There was a lot of rivalry between the maitre d's and Jacques at the time, a little bit rivalry or opposition. I've known [Jacques] for 40 years and it never ceases to please me the way he thinks about French cuisine, the way he communicates about French cuisine. He never ceases to impress me by inspiring so many generations and inspiring kids today. At his age in his late 80s, to be able to inspire kids of French cuisine — the biggest lesson with Jacques is that he has known how to make it simple, make it easy, make it friendly, and make it delicious.

Jacques is the quintessential chef. I love to watch him in his little cooking classes he does, because he is a chef that was born with a certain generation.
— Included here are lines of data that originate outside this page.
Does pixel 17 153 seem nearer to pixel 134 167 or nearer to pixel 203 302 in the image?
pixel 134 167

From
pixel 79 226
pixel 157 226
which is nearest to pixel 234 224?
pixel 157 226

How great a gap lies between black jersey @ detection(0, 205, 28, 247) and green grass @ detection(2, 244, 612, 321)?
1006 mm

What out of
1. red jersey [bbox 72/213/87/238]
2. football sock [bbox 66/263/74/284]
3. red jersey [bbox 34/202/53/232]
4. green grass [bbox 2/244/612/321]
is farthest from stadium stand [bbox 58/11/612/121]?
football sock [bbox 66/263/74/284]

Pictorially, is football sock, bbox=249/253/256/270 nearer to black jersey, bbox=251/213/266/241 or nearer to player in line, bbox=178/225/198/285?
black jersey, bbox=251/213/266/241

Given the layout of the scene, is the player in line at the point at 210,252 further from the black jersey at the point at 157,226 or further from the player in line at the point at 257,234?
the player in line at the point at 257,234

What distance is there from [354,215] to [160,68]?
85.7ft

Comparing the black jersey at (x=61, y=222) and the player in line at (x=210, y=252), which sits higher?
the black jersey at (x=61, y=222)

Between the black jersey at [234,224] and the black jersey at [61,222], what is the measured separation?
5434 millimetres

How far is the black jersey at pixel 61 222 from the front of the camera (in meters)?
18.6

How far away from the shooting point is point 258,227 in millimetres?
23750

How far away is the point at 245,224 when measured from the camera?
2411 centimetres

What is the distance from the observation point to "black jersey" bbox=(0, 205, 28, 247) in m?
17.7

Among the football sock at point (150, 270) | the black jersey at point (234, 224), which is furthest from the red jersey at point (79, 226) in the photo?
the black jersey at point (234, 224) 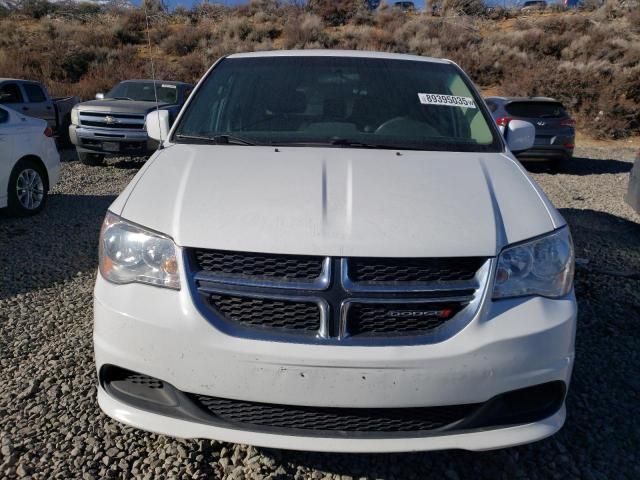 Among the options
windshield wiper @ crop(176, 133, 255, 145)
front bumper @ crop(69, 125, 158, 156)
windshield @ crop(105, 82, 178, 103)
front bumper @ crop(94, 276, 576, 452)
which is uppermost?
windshield wiper @ crop(176, 133, 255, 145)

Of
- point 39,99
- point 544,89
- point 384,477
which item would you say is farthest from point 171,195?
point 544,89

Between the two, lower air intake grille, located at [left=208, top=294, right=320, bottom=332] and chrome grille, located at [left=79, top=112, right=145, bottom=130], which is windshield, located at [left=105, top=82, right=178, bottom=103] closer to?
chrome grille, located at [left=79, top=112, right=145, bottom=130]

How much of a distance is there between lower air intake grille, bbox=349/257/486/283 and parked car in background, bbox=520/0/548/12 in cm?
3808

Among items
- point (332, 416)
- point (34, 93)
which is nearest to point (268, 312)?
point (332, 416)

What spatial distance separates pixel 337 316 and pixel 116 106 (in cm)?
991

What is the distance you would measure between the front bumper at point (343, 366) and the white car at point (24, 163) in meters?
5.38

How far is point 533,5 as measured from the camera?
121 ft

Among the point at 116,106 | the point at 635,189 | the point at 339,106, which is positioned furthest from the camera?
the point at 116,106

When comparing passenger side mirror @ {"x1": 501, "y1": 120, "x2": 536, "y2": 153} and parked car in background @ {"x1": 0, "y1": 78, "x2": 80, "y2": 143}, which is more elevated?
passenger side mirror @ {"x1": 501, "y1": 120, "x2": 536, "y2": 153}

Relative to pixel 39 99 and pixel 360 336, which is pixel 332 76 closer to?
pixel 360 336

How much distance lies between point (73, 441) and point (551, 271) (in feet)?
7.49

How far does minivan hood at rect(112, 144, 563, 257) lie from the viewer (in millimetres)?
2158

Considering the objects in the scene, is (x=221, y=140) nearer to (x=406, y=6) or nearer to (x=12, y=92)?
(x=12, y=92)

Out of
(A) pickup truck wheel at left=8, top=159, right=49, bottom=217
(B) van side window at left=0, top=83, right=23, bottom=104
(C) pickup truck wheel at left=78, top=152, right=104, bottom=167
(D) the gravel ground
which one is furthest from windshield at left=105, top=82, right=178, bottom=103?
(D) the gravel ground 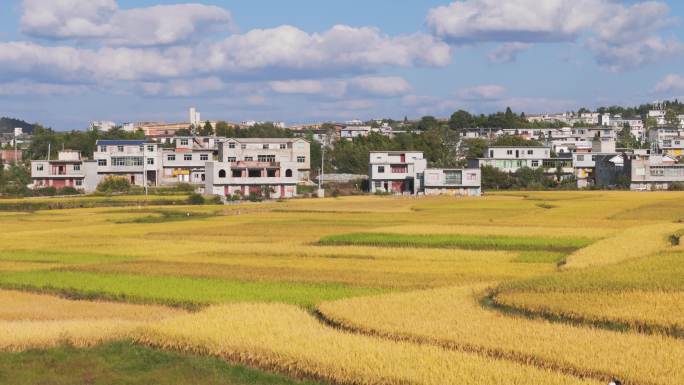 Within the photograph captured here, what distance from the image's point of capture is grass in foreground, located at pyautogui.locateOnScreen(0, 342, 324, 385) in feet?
50.0

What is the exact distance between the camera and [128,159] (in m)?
94.6

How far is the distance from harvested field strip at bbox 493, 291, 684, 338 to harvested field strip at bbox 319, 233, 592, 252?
1404cm

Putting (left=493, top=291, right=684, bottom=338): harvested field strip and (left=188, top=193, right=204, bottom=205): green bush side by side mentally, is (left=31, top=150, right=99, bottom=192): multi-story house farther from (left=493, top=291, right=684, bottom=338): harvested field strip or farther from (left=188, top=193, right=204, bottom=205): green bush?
(left=493, top=291, right=684, bottom=338): harvested field strip

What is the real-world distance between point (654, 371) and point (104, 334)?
1071 cm

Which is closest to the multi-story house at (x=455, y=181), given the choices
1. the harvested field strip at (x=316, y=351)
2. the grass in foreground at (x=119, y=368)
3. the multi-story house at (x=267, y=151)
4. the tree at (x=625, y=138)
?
the multi-story house at (x=267, y=151)

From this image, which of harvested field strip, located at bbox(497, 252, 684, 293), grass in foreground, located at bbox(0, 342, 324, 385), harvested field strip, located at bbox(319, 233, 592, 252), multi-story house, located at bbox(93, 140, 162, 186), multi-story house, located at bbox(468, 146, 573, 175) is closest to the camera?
grass in foreground, located at bbox(0, 342, 324, 385)

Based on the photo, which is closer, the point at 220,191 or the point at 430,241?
the point at 430,241

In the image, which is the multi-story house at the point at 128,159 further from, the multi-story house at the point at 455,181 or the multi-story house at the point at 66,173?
the multi-story house at the point at 455,181

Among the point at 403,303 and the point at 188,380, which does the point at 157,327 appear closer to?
the point at 188,380

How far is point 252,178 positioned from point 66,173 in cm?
1951

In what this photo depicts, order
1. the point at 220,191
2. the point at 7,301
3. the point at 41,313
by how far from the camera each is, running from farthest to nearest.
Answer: the point at 220,191, the point at 7,301, the point at 41,313

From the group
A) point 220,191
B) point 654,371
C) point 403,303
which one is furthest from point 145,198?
point 654,371

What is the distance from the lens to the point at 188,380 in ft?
50.0

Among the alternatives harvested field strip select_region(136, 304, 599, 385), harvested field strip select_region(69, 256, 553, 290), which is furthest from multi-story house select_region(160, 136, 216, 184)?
harvested field strip select_region(136, 304, 599, 385)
I've learned those practical techniques that are still relevant today but many people don't know. Today, people are learning in a different way, and we are teaching a different way of doing things. Jacques is so pragmatic, he's so knowledgeable, and Jacques knows how to take the fuss out of things and make it homey, friendly, delicious, and easy.

The competition technique for a perfect omelet

I saw a video of you cooking an omelet where you cooked the shell of the omelet and the scrambled eggs inside separately. Did you come up with that?

No. This technique, sometimes it's applied in competition. The MOF does chef competitions, and everybody is doing the same dish. It's not like "Iron Chef," [where they would tell you] "Here is the octopus. Now do whatever you want with it." Everybody has very strict guidelines on how to cook an egg, and they have to do it to perfection. Sometimes chefs use this technique that will combine the basic technique of an omelet and then the basic technique of scrambled eggs and put the two together. It's called an omelette fourrée, and "fourrée" means "stuffed." Stuffed omelette. It is not practiced in restaurants or anything like that, and it requires a little bit of a technician to be able to do it right.

Because you have to do the two things at once, right? But I imagine that both components of the omelet are then perfect.

That's true.

You can dine at DANIEL at its location on 60 E. 65th St. in Manhattan Tuesday-Sunday from 5 p.m. to 10 p.m.

This interview has been edited for clarity.